┌─ Extracted entries
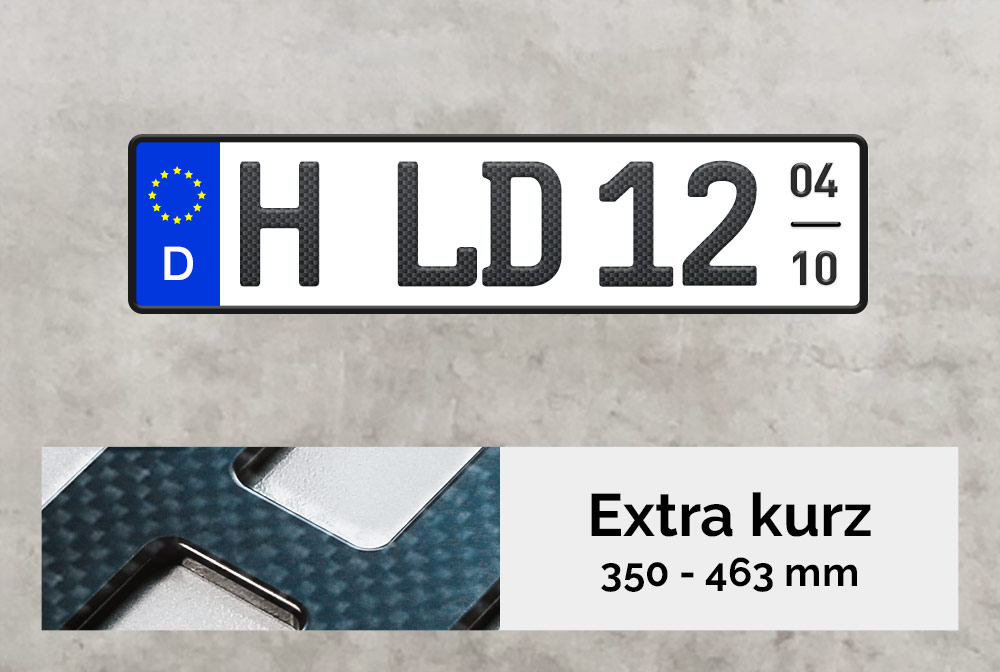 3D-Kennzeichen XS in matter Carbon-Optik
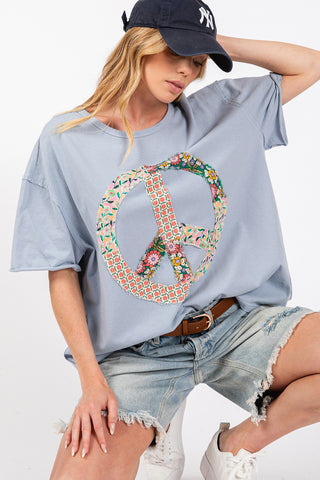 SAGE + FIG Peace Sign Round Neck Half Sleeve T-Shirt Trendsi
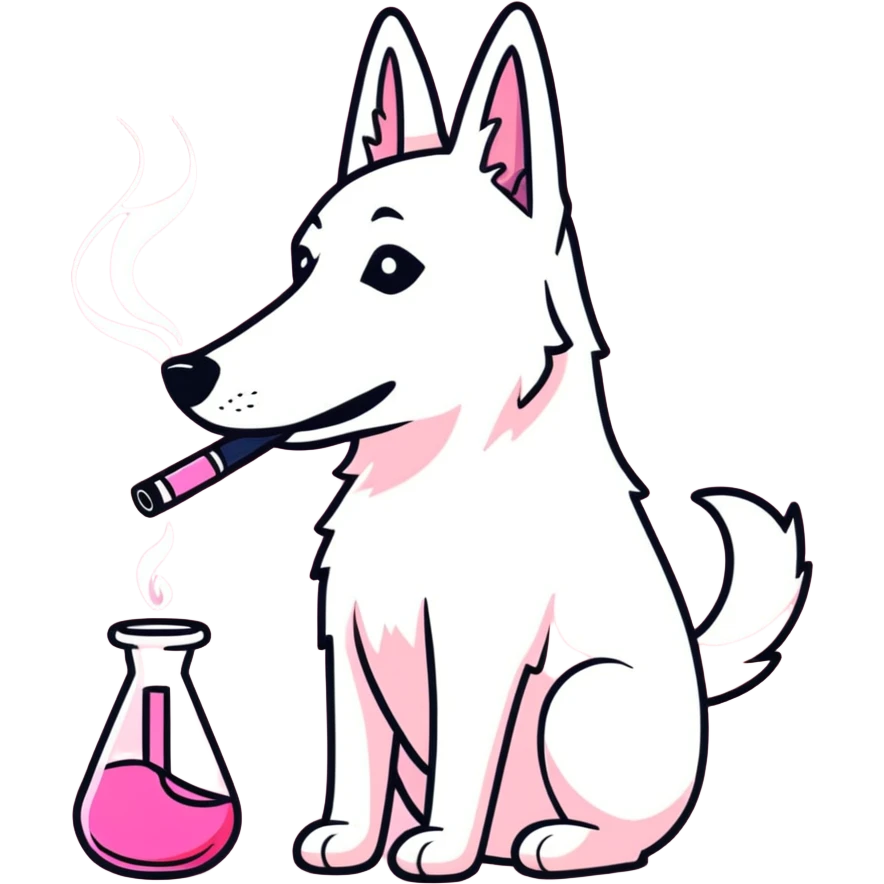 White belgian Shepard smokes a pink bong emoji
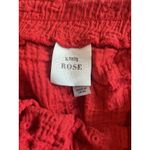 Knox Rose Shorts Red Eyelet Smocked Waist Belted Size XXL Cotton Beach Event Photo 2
└─
┌─ Extracted entries
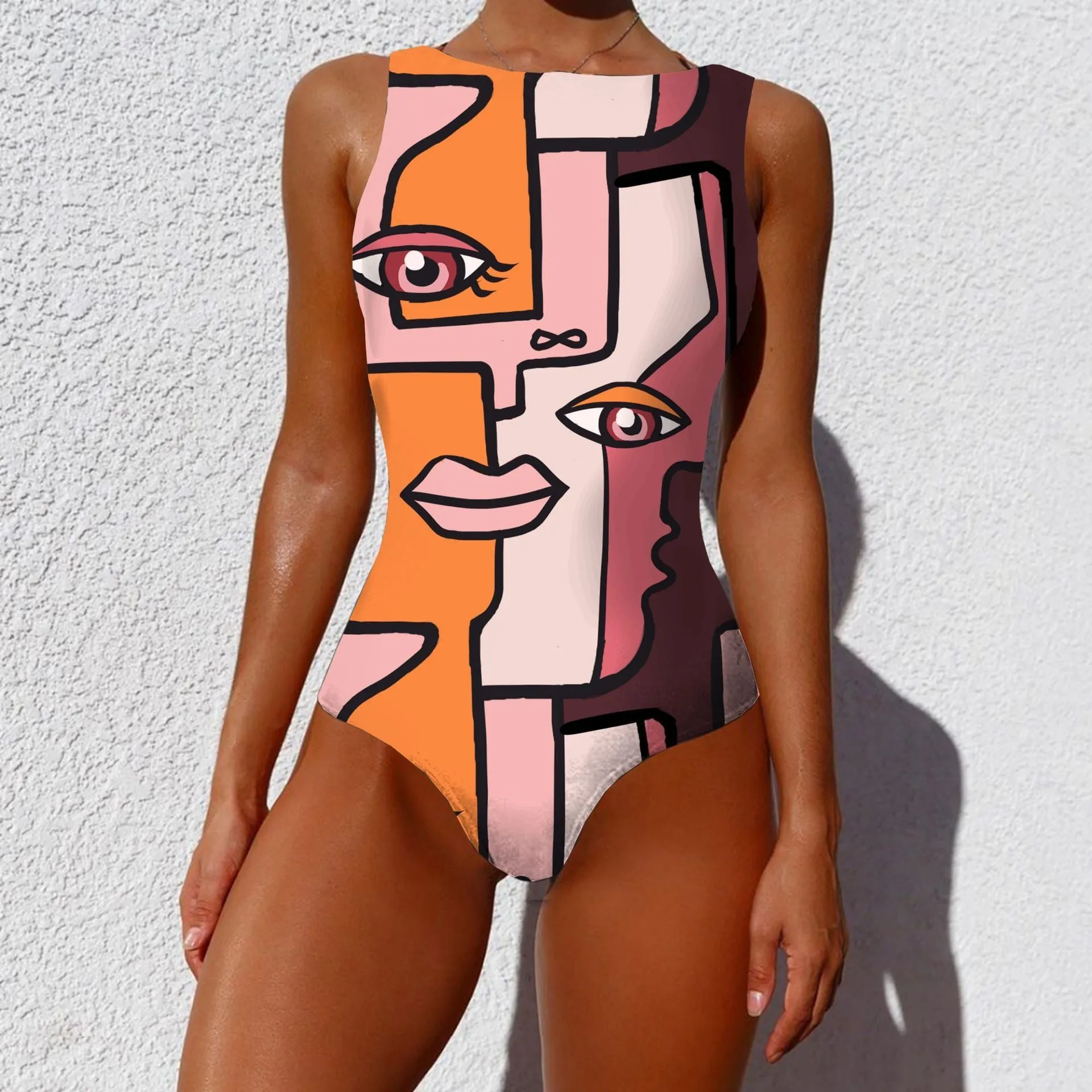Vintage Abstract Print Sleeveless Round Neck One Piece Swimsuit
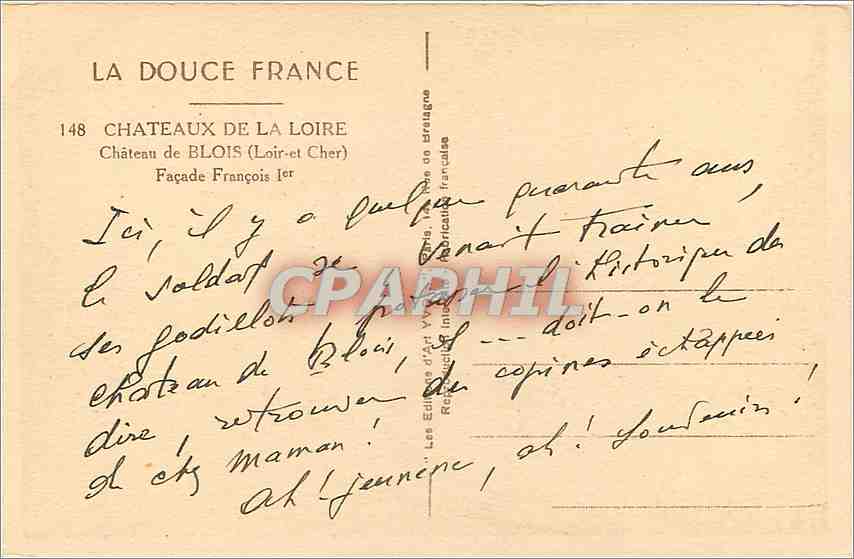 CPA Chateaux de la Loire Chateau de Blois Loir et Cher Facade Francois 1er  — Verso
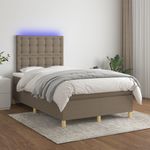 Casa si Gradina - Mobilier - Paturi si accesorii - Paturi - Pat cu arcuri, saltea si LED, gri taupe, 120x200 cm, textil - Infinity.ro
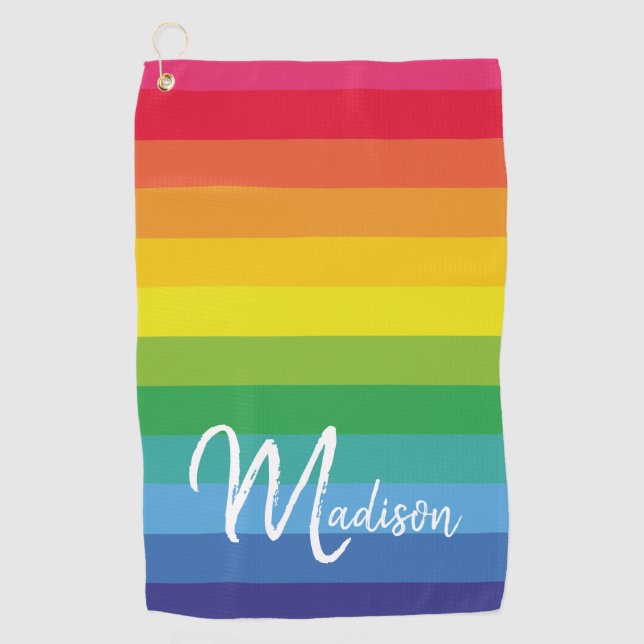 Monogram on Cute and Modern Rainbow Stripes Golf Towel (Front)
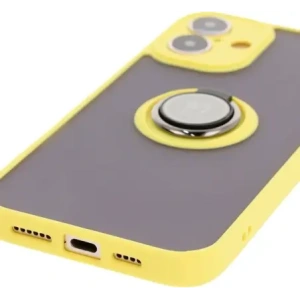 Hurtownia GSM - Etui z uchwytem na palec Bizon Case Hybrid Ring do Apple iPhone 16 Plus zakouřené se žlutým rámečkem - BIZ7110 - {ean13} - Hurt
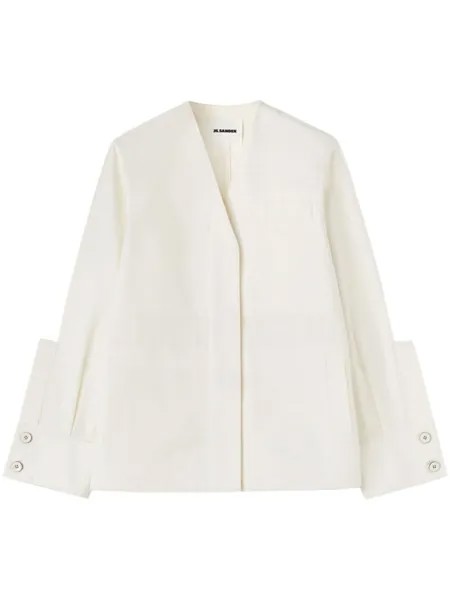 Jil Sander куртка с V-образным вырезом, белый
└─
> [Task directions]:
Line for line, output the entries above from the line with "Monogram on Cute" to the line with "Jil Sander куртка", both included, and nothing more. Skip pictures.

> [Your response]:
 Monogram on Cute and Modern Rainbow Stripes Golf Towel (Front)
 Hurtownia GSM - Etui z uchwytem na palec Bizon Case Hybrid Ring do Apple iPhone 16 Plus zakouřené se žlutým rámečkem - BIZ7110 - {ean13} - Hurt
 Jil Sander куртка с V-образным вырезом, белый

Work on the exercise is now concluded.